Instructions for the task
Find the line with "2023 Chevrolet Corvette C8 - Image 5 of 20" and the line with "Renault Captur 9.426" in the entries below; output exactly those two lines, every line between them, and no others.
(Extracted records)
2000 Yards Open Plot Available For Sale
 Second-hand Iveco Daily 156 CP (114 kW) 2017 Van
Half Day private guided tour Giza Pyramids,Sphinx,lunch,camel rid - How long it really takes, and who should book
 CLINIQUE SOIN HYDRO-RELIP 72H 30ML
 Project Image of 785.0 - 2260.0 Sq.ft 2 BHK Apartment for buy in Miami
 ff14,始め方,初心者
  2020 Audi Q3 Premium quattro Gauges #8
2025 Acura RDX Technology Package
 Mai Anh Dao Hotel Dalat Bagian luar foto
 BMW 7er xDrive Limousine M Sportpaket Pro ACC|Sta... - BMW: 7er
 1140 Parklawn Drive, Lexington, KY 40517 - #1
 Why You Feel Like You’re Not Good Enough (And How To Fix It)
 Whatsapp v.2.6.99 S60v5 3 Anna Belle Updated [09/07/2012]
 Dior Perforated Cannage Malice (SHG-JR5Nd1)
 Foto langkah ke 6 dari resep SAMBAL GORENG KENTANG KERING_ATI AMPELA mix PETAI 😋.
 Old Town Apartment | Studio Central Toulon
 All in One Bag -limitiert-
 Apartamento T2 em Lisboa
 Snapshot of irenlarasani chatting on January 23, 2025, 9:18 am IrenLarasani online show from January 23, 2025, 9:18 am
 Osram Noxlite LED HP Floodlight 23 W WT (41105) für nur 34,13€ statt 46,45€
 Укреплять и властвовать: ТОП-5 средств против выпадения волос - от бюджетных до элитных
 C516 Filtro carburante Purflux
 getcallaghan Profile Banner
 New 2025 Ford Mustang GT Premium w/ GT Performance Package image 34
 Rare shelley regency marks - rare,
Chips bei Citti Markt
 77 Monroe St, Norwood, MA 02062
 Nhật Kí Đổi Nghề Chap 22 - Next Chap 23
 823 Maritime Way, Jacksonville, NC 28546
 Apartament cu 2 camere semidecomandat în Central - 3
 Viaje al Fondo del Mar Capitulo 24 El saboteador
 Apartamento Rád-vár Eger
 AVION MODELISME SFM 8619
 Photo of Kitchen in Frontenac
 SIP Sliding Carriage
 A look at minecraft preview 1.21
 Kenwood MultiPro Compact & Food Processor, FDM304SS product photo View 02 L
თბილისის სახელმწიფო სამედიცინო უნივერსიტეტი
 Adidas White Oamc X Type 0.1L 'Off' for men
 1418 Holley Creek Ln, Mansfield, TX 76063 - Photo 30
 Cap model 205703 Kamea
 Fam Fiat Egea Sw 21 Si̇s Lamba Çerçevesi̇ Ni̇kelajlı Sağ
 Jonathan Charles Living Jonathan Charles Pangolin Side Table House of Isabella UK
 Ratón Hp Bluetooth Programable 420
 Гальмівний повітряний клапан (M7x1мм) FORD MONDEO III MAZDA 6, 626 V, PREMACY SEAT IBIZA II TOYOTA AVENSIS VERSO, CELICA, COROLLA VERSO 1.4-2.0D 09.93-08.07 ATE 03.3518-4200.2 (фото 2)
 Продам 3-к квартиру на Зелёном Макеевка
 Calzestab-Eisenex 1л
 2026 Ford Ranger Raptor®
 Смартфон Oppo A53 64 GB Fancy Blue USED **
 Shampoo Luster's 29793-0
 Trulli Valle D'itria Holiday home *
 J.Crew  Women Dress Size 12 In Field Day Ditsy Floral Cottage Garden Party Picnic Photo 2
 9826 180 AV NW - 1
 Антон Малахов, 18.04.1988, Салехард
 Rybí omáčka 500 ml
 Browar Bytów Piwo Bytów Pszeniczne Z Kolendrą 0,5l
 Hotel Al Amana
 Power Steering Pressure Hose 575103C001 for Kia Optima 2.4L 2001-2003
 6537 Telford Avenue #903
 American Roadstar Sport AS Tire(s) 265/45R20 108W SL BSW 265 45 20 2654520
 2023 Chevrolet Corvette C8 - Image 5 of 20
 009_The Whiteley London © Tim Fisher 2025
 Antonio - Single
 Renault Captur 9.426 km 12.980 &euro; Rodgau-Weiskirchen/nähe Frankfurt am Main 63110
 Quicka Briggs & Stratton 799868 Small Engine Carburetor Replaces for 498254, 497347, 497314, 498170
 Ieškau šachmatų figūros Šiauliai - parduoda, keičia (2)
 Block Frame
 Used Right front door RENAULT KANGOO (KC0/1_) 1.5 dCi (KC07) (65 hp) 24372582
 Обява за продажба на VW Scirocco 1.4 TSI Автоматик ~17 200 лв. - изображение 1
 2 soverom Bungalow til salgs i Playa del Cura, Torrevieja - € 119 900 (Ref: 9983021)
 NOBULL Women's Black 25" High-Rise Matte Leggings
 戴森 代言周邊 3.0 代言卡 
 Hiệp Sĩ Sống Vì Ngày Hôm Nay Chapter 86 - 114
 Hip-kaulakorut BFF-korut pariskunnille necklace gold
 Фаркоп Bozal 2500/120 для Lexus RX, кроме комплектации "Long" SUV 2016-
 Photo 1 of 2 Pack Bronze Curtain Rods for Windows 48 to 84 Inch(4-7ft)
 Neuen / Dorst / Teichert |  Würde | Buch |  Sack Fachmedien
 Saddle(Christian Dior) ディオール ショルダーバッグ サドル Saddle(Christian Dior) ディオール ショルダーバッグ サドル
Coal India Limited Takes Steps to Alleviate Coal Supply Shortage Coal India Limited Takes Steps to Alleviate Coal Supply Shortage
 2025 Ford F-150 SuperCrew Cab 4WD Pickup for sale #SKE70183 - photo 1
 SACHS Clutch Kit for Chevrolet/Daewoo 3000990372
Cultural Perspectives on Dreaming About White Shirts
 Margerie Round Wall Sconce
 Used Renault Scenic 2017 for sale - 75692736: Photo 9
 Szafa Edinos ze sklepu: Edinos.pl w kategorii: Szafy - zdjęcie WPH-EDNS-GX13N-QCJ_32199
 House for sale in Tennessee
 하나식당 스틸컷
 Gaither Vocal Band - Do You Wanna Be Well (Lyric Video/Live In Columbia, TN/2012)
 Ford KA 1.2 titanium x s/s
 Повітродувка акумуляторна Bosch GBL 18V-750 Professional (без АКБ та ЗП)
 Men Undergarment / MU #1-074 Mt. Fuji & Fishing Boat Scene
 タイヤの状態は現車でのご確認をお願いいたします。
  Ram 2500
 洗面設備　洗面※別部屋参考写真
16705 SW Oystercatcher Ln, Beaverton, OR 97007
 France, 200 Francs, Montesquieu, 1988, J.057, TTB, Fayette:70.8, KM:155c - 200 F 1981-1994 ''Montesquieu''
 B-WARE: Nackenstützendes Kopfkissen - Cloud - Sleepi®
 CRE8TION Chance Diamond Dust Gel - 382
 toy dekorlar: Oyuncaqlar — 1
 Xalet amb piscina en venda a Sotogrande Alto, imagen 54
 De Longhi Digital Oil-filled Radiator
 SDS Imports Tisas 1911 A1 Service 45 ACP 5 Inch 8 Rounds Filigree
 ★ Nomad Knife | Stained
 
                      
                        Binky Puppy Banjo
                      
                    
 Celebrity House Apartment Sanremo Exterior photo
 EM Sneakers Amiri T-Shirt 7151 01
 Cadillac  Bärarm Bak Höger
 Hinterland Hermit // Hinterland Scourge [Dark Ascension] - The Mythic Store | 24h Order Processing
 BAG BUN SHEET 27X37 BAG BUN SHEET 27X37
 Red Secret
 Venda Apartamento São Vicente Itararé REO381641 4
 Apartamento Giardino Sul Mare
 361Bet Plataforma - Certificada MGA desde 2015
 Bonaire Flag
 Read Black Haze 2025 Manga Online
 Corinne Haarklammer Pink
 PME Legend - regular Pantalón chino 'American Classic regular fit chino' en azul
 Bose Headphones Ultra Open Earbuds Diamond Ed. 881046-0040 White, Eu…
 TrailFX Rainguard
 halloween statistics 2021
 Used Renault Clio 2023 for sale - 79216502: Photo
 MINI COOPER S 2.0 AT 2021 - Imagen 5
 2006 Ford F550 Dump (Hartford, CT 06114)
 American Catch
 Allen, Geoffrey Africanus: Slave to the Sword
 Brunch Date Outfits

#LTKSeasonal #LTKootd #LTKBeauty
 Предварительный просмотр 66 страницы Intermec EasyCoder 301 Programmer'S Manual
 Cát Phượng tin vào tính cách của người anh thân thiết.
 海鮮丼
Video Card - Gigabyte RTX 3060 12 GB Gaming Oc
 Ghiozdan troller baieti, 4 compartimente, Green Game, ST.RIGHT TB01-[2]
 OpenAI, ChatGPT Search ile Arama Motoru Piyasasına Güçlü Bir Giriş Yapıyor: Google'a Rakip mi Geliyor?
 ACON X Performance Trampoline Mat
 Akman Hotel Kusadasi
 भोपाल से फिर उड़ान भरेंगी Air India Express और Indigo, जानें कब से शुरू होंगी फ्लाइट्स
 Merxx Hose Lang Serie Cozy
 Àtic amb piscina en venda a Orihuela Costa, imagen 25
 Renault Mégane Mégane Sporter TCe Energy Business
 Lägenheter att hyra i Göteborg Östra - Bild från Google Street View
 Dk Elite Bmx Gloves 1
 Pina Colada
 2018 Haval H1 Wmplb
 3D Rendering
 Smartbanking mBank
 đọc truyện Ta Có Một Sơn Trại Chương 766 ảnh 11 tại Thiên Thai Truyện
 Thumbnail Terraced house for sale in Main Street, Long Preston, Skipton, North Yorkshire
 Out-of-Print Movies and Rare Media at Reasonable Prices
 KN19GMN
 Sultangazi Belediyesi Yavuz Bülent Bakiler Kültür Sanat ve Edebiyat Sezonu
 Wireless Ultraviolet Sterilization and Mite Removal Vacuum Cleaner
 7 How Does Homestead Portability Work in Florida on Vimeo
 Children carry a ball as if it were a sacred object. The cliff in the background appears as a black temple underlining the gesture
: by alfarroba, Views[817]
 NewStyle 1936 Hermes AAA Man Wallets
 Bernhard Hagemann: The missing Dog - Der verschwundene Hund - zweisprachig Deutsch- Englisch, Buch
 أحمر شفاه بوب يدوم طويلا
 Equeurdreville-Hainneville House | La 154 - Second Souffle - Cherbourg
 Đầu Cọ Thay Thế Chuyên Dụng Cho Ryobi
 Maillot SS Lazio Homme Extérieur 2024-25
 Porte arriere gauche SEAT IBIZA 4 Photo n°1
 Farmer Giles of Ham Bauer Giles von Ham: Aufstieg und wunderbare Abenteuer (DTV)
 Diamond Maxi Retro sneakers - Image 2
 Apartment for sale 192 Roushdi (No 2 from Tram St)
(End Extracted records)
Output below
 2023 Chevrolet Corvette C8 - Image 5 of 20
 009_The Whiteley London © Tim Fisher 2025
 Antonio - Single
 Renault Captur 9.426 km 12.980 &euro; Rodgau-Weiskirchen/nähe Frankfurt am Main 63110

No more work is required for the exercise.